Background Systemic lupus erythematosus (SLE) is an autoimmune disorder that affects multiple organs. It is characterized by production of autoantibodies and immune complex deposition in various organs, leading to inflammation and tissue destruction. Although the definite etiopathogenesis of SLE remains unclear, many different mechanisms may contribute to the pathogenesis of SLE. Galectin-3 is a member of beta-galactoside-binding lectins. It has an essential role in negatively regulating T-cell receptor.
Aim The aim of this work was to estimate the plasma level of galectin-3-binding protein (G3BP) in patients with SLE to assess its possible role in pathogenesis of the disease and its correlation to disease activity.
Patients and methods The current study included 25 patients with SLE and 25 healthy individuals who served as a control group. Patients were divided according to systemic lupus erythematosus disease activity index score. Peripheral venous blood samples were taken from each participant, and plasma was examined by enzyme-linked immunosorbent assay for quantitative evaluation of G3BP.
Results G3BP was significantly increased in SLE compared with control group. There was a significant positive relation between plasma G3BP level and family history. No significant correlation was found between plasma G3BP level and duration of the disease. A significant positive correlation was found between G3BP and activity of the disease according to systemic lupus erythematosus disease activity index.
Conclusion G3BP may play a role in the pathogenesis of SLE and may be useful for therapeutic intervention in patients with SLE.

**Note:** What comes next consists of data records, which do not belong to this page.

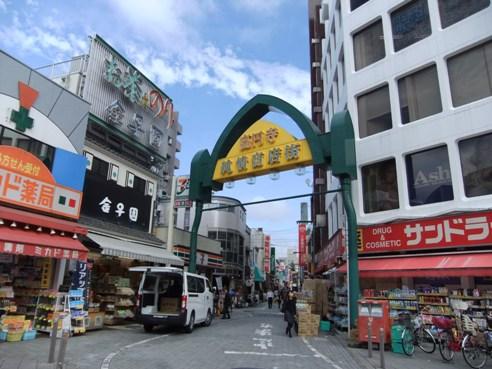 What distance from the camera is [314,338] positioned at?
14594 millimetres

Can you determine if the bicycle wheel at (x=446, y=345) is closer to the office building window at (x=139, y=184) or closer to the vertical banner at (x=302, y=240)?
the office building window at (x=139, y=184)

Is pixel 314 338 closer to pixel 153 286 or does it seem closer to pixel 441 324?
pixel 441 324

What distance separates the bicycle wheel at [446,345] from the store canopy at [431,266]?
2247mm

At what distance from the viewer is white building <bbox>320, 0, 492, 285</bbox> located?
45.4 feet

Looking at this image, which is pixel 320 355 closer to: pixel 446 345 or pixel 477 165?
pixel 446 345

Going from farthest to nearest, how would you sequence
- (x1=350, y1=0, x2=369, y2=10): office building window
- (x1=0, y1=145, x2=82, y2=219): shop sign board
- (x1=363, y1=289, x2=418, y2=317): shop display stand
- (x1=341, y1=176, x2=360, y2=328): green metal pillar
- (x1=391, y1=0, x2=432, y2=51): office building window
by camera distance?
(x1=350, y1=0, x2=369, y2=10): office building window
(x1=391, y1=0, x2=432, y2=51): office building window
(x1=363, y1=289, x2=418, y2=317): shop display stand
(x1=341, y1=176, x2=360, y2=328): green metal pillar
(x1=0, y1=145, x2=82, y2=219): shop sign board

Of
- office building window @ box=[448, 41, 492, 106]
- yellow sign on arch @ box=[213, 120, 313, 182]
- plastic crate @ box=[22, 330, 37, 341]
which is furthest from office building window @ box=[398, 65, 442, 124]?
plastic crate @ box=[22, 330, 37, 341]

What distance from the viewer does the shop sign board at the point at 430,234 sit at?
508 inches

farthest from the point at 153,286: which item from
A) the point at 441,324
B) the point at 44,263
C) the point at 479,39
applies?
the point at 479,39

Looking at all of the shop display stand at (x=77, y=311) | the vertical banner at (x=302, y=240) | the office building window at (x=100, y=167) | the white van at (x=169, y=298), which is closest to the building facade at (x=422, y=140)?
the white van at (x=169, y=298)

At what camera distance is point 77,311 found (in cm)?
1270

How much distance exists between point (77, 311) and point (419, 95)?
608 inches

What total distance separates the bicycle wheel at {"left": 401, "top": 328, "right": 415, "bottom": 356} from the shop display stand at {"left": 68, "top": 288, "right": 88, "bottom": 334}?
9.98m

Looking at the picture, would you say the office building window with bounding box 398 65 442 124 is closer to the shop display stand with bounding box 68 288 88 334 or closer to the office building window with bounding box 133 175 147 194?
the office building window with bounding box 133 175 147 194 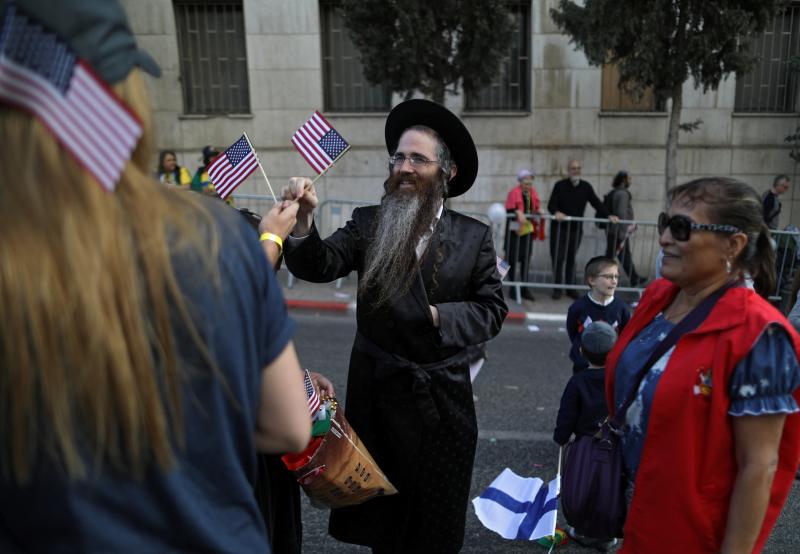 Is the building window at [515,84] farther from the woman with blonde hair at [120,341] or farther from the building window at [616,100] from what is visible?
the woman with blonde hair at [120,341]

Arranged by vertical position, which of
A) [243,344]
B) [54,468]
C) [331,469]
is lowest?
[331,469]

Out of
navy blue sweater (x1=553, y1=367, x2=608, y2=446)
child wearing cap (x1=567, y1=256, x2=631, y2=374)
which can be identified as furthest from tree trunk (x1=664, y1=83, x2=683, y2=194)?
navy blue sweater (x1=553, y1=367, x2=608, y2=446)

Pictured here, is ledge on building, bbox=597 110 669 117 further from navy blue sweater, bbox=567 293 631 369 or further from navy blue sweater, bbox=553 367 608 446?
navy blue sweater, bbox=553 367 608 446

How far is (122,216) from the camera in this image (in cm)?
94

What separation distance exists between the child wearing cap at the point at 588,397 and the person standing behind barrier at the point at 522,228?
557 centimetres

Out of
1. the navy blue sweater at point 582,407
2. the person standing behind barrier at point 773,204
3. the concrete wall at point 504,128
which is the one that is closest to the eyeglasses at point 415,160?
the navy blue sweater at point 582,407

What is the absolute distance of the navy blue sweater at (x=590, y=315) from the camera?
399 cm

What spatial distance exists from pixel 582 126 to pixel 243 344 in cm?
1099

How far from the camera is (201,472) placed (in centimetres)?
109

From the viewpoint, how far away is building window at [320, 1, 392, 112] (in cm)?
1117

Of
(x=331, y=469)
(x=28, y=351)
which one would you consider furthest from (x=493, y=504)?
(x=28, y=351)

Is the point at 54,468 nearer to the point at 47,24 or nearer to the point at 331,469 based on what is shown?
the point at 47,24

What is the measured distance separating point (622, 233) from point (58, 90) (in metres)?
8.81

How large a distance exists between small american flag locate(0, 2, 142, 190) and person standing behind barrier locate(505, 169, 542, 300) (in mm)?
7944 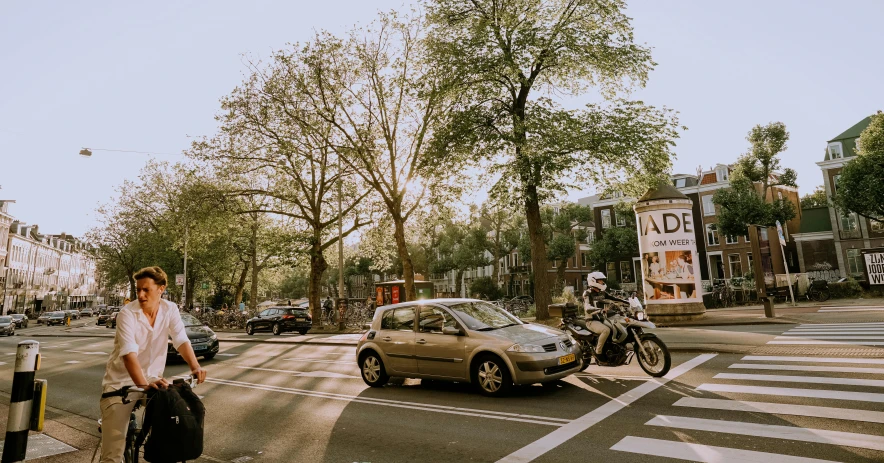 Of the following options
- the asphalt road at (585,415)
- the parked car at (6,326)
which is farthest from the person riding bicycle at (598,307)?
the parked car at (6,326)

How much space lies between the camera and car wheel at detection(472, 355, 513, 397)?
7.45 m

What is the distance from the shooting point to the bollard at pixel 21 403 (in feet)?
10.8

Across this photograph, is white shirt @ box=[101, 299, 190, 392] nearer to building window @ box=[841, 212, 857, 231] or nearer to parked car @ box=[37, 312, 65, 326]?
building window @ box=[841, 212, 857, 231]

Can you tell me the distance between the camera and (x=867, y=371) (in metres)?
7.82

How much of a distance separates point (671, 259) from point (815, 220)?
35.5m

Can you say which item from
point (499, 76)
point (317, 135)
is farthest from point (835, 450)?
point (317, 135)

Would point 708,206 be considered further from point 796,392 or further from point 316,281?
point 796,392

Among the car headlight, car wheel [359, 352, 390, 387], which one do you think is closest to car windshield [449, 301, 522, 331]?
the car headlight

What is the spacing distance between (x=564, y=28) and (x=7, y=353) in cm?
2658

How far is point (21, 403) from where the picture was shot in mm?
3355

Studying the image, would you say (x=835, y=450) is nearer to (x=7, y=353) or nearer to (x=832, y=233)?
(x=7, y=353)

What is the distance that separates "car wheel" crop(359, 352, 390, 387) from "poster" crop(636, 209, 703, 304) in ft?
44.2

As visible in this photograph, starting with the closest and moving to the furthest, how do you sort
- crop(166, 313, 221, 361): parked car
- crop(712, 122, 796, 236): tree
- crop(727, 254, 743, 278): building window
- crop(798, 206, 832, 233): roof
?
crop(166, 313, 221, 361): parked car, crop(712, 122, 796, 236): tree, crop(798, 206, 832, 233): roof, crop(727, 254, 743, 278): building window

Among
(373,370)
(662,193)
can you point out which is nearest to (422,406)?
(373,370) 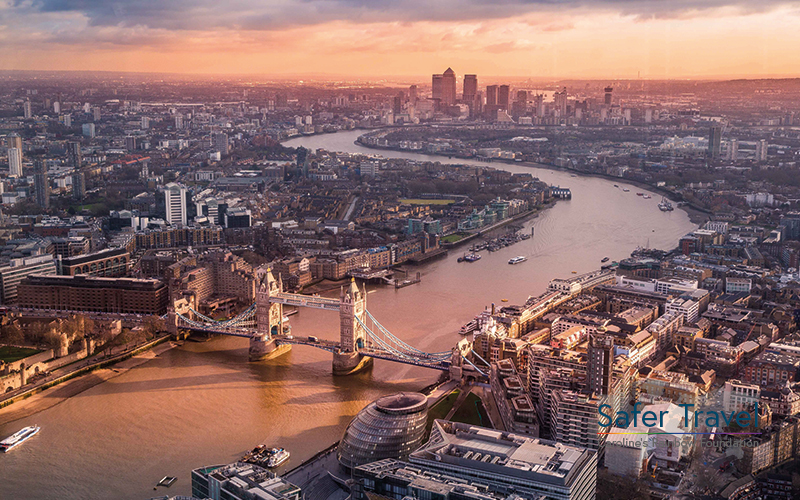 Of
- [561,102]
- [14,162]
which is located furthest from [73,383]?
[561,102]

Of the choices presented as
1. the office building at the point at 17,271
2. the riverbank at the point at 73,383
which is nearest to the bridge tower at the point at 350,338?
the riverbank at the point at 73,383

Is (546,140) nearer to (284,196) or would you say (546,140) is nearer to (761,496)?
(284,196)

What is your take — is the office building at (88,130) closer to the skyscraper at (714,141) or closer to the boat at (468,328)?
the skyscraper at (714,141)

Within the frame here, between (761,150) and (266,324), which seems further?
(761,150)

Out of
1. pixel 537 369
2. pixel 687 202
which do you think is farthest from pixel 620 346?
pixel 687 202

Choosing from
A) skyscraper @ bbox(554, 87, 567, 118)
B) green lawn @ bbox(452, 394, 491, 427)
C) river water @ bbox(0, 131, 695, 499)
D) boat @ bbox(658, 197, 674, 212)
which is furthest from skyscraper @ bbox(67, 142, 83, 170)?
green lawn @ bbox(452, 394, 491, 427)

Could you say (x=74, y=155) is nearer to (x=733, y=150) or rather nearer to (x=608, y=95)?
(x=608, y=95)

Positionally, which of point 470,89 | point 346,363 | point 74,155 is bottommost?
point 346,363

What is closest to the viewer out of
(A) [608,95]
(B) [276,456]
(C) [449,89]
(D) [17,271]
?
(B) [276,456] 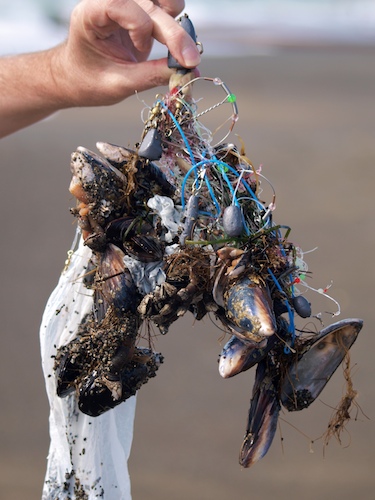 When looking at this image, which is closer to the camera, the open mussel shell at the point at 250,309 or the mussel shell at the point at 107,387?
the open mussel shell at the point at 250,309

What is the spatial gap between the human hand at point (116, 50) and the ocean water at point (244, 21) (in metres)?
5.61

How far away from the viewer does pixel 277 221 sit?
457cm

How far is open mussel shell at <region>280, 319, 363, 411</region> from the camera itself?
157 cm

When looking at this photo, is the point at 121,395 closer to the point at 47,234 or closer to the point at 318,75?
the point at 47,234

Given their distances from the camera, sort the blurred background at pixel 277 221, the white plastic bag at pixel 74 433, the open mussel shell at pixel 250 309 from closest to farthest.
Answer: the open mussel shell at pixel 250 309, the white plastic bag at pixel 74 433, the blurred background at pixel 277 221

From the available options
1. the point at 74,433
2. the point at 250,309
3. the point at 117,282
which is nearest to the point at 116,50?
the point at 117,282

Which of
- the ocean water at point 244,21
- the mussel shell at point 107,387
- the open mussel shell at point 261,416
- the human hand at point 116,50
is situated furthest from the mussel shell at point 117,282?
the ocean water at point 244,21

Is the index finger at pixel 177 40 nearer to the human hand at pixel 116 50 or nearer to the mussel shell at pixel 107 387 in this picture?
the human hand at pixel 116 50

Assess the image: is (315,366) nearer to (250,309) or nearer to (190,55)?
(250,309)

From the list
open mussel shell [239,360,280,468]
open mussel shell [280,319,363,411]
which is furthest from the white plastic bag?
open mussel shell [280,319,363,411]

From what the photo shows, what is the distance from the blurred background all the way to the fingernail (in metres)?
0.80

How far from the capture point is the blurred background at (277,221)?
3346 mm

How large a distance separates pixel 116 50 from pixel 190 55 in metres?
0.37

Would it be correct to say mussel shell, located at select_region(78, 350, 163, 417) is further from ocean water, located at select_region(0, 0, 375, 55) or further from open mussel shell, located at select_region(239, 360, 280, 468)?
ocean water, located at select_region(0, 0, 375, 55) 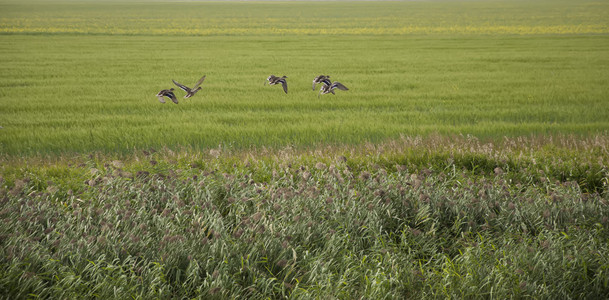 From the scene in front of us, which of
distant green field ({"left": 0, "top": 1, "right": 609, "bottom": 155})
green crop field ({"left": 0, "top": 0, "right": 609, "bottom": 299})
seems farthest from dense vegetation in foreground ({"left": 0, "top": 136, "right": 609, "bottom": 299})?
distant green field ({"left": 0, "top": 1, "right": 609, "bottom": 155})

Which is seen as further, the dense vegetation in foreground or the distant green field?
the distant green field

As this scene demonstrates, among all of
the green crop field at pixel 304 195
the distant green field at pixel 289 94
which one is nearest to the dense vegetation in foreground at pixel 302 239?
the green crop field at pixel 304 195

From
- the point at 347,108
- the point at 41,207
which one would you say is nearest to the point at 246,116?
the point at 347,108

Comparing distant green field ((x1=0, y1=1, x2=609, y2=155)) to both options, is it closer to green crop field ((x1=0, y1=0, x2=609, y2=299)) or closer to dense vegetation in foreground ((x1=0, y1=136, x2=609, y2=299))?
green crop field ((x1=0, y1=0, x2=609, y2=299))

Keywords: galectins, systemic lupus erythematosus, systemic lupus erythematosus disease activity index


How to cite this article:
Abo-Elyazeed SE, Gheida SF, Soliman GA, Gamea MM. Plasma galectin-3-binding protein level in patients with systemic lupus erythematosus. Tanta Med J 2018;46:249-54

How to cite this URL:
Abo-Elyazeed SE, Gheida SF, Soliman GA, Gamea MM. Plasma galectin-3-binding protein level in patients with systemic lupus erythematosus. Tanta Med J [serial online] 2018 [cited 2020 Feb 29];46:249-54. Available from: http://www.tdj.eg.net/text.asp?2018/46/4/249/263916




  Introduction Top


Systemic lupus erythematosus (SLE) is a chronic systemic autoimmune disease affecting the connective tissue marked by alternate periods of remission and exacerbation [1]. It is characterized by production of autoantibodies directed against nuclear self-antigens leading to systemic inflammation and organ failure [2].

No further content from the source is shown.